In I will not ever NEVER eat a tomato Charlie plays a series of imaginative and amusing tricks on his little sister, Lola, who is a very fussy eater, to get her to eat her dinner. The story is predominantly told using direct speech from Charlie’s point of view. Charlie and Lola are drawn in bold lines with large eyes and expressive mouths that clearly convey their every feeling. Lauren Child also uses a combination of photos, collage and computer-generated backgrounds, as well as a variety of fonts and sizes in the text. These add to the appeal and humour and emphasise how Lola really hates eating vegetables. This story is ideal as part of a unit of work on food and, if children enjoy Charlie and Lola, there are many more stories in the series as well.

3 Mr Wolf’s week (Colin Hawkins)

The appeal of Mr Wolf’s week seems to lie in the fact that it is an ordinary, everyday story about the routine of a normal, inoffensive wolf, in contrast to the villainous character children associate with traditional stories, such as Little Red Riding Hood. For language classes, the story helpfully focusses on lexical sets typically found in children’s coursebooks: days of the week, weather, clothes and everyday actions. The charm of the story lies in the delightful pictures of Mr Wolf and the simplicity of the repeated language pattern for each day: Monday is … (weather). Mr Wolf puts on his … (clothes) and …. (what he does). This also makes it an ideal model for children’s own attempts at writing a story. The examples at the bottom of this post, Mr Rabbit’s week (Inés) and Mr Dog’s week (Guillermo) are by 7-year-old children in their second year of English.  

4 Something Else (Kathryn Cave & Chris Riddell)

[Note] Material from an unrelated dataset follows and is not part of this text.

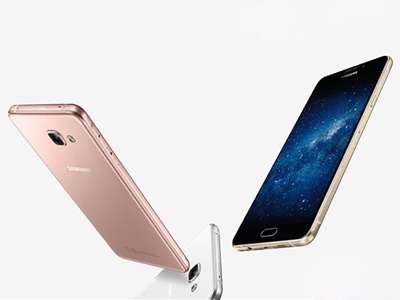 当天发货【赠皮套 钢化膜 充电宝 延保2年)三星 galaxy a9 pro(a9100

Something Else is a moving story about differences, and the agony and isolation of being an outsider. Something Else wants to be like the other creatures but they won’t accept him. Then one day a strange creature comes to Something Else’s house and wants to be friends. Something Else almost rejects him but is reminded of his own experience just in time. Embedded in this beautifully illustrated and apparently simple story are themes of racism and intolerance. Whenever I share this story with children in upper primary, I never fail to be impressed by their mature response and ability to talk openly about issues that adults often shy away from. Something Else makes me think how often we underestimate children, and also that picture books should not only be for them.

5 Dear Zoo (Rod Campbell)

Dear Zoo is a classic ‘flap’ picture book that never fails to appeal to very young learners. If possible, it’s best to use the ‘big book’ version which makes it easy to see with large groups and more fun to open the ‘flaps’. The concept of writing to the zoo to ask for a pet is brilliantly simple, and the repetitive language pattern, combined with different size coloured boxes and animals on each double spread, engages the rapt attention of little ones, even those with the shortest concentration spans. As the different animals on each page get sent back to the zoo because they are not suitable, the animal on the last page of the story is ‘perfect’.

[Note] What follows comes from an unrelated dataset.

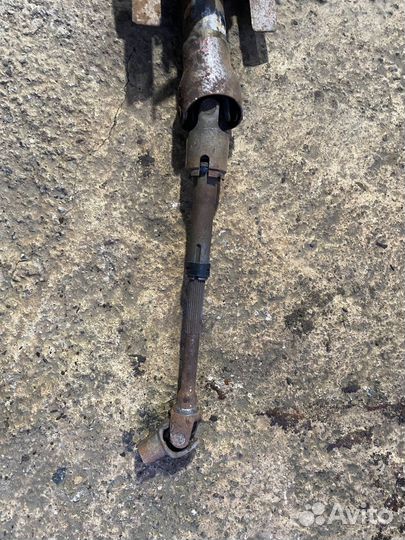 Колонка рулевая Mitsubishi Galant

6 Lost and Found (Oliver Jeffers)

Lost and Found is a touching story about a penguin and the boy who helps him. Behind its apparent simplicity resonate themes of loneliness, friendship and the value of kindness. As the boy and the penguin set off to the South Pole, their tiny boat contrasts with the vastness of the blue and green-toned sea and the waves as big as mountains. Many children worry when the boy realises his mistake in leaving the penguin at the South Pole, and their reunion hug on the penultimate page needs no words. This is a picture book children will ask you to read again for sheer pleasure and, in my view, it’s best to let the magical words and illustrations speak for themselves.

What about your favourite picture books? It would be great to hear.